- Brital Location in Lebanon
- Coordinates: 33°56′7″N 36°9′3″E﻿ / ﻿33.93528°N 36.15083°E
- Country: Lebanon
- Governorate: Baalbek-Hermel Governorate
- District: Baalbek District
- Elevation: 3,770 ft (1,150 m)
- Time zone: UTC+2 (EET)
- • Summer (DST): +3

= Brital =

Brital (بريتال) is a village located in the Baalbek District of the Baalbek-Hermel Governorate in Lebanon.
==History==
In 1838, Eli Smith noted Brital (under the name of Bereitan) as a Metawileh village in the Baalbek area.

Brital has been a well-known town for its rebellious people in the times before and after the creation of Lebanon in 1924. Due to the town's mountainous landscape, multiple revolutions against any occupation were born in Brital.
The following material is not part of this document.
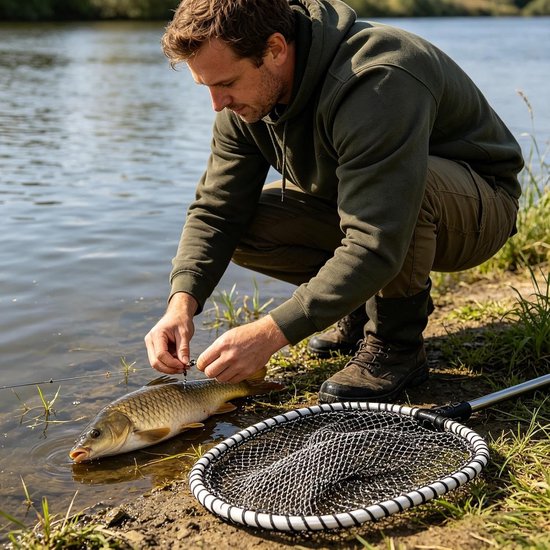 Visnet - Schepnet Vangnet - Vis Vangen - Sterk Nylon Materiaal - 60 x 85 cm - Niet gespecificeerd — afbeelding 2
The revolution against the French mandate was led by a prominent Britali and his local men (Melhem Kassem al-Masri), also Brital is the birthplace of the Amal movement and Hezbollah.

Brital is the home village of Sheikh Subhi Tufayli one of the early leaders of Hizbollah who was later expelled from the group and set up his own organisation, “the Hunger Revolution”.

Brital's municipal land boundaries span over vast areas of the Anti-Lebanon Mountains, east to Syria, south to Anjar and to Arsal in the north. Its population is made of a number of large families: Azki, Mazloum, Ismail, Saleh, Tlais, Jaafar, Masri, Affi, Ahmar, Youness and Ghadban are the main ones.

By the end of 2022, there were 4,224 Syrian refugees living in the settlement.